Milton D. Martin, an avid reader, believed reading was the path to success. Upon the wagonmaker’s/carriagemaker’s death in 1912, Martin bequeathed $125,000 to establish a public library in York, Pa. The Guardian Trust Company as executor followed his wishes and appointed John E. Baker, Vincent K. Keesey, D. F. Lafean, Atreus Wanner and Allen C. Wiest as directors of the Martin Library Association. Through sound management and added contributions the endowment grew, and on Halloween eve of 1935, the Martin Memorial Library was opened. Today, it’s known as Martin Library, and it’s celebrating its 75th anniversary. Also of interest: Part I: York, Pa.’s, Martin Library observing 75 years in the reading business and Old Martin factory to become housing complex and York’s Martin Library’s old doors tell a story and York County libraries offer serendipity – and have done so for decades.

Presidents of Martin Library over the past 75 years-plus represent a long list of leading community contributors.
One of these past presidents, Frances Wolf, provided interesting insight into where the library is going: … .

Electronic devices, not shelves, will store books.

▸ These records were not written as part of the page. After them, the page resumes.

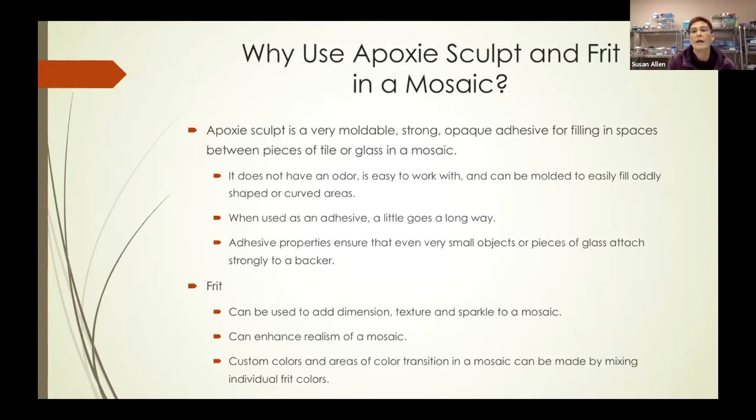Why would you use these in a mosaic? Epoxy sculpt is a very moldable, strong, opaque adhesive that can fill in the spaces between pieces of tile or glass. It has no odor, is easy to work with, can be molded into different shapes, and can fill curved areas. When used as an adhesive, a little goes a very long way — I bought my one-pound kits 18 months ago and I'm still using them. Frit can be used to add dimension, texture, and sparkle to a mosaic, enhance its realism, and you can make custom colors and areas of color transition by mixing individual frit colors.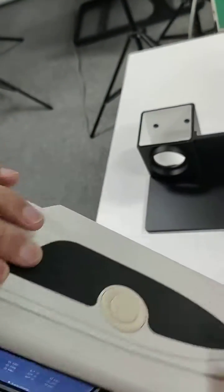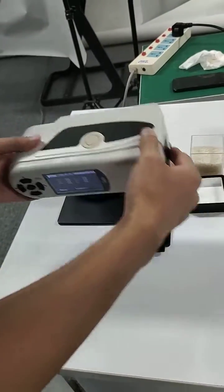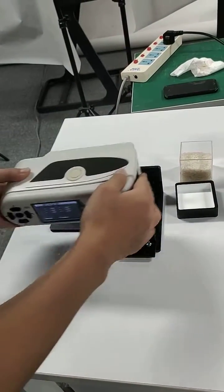After we calibrate it, we install the instrument to the universal test component, like this.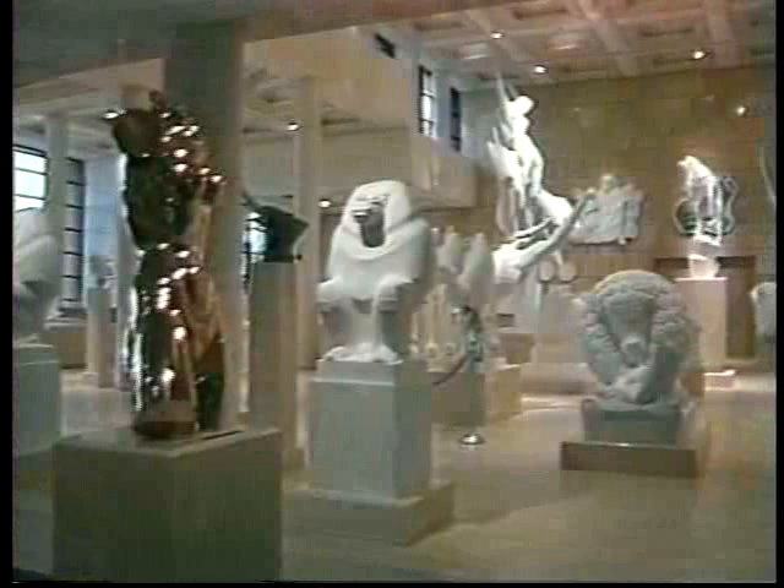The sculpture was then shipped to Michigan to join hundreds of other bronze sculptures, plaster models, and related art at the Marshall Fredericks Sculpture Museum at Saginaw Valley State University.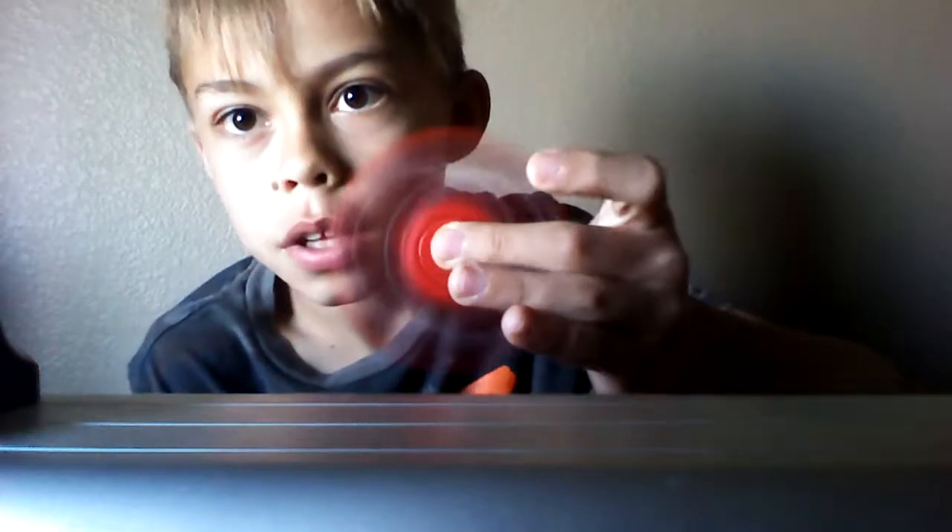This is going to be the finished product, but just take extra precautions because this does make your fidget spinner a little worse. There is a way that you can turn it back though. So I'm just going to be showing you how to make your fidget spinner silent, and let's get into the video.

That will make books “even more precious, to be handled with great care and reverence.”
Another past president, Chrysta Stine, paints this intriguing picture in words: A library is a “powerful information engine; a sociologically significant force for the betterment of our community.”
The library, in the anniversary spirit, provided the information above, plus brief bios on past library board presidents, going back before the library even opened

JOHN E. BAKER (presided 1916-1940)

First president of the Martin Library Association John E. Baker has held that post the longest, serving well over two decades. Baker was the leading force in the construction of Martin Library and hired its first librarian, Katherine Shorey, as director from 1935-1970. Baker’s endowment supplied funds to purchase books, and he secured additional support from the family of Martha Landes, Milton Martin’s wife. The Brownstone Building, now part of the Martin Library facility, was home to David Small who was in business with the Baker relations.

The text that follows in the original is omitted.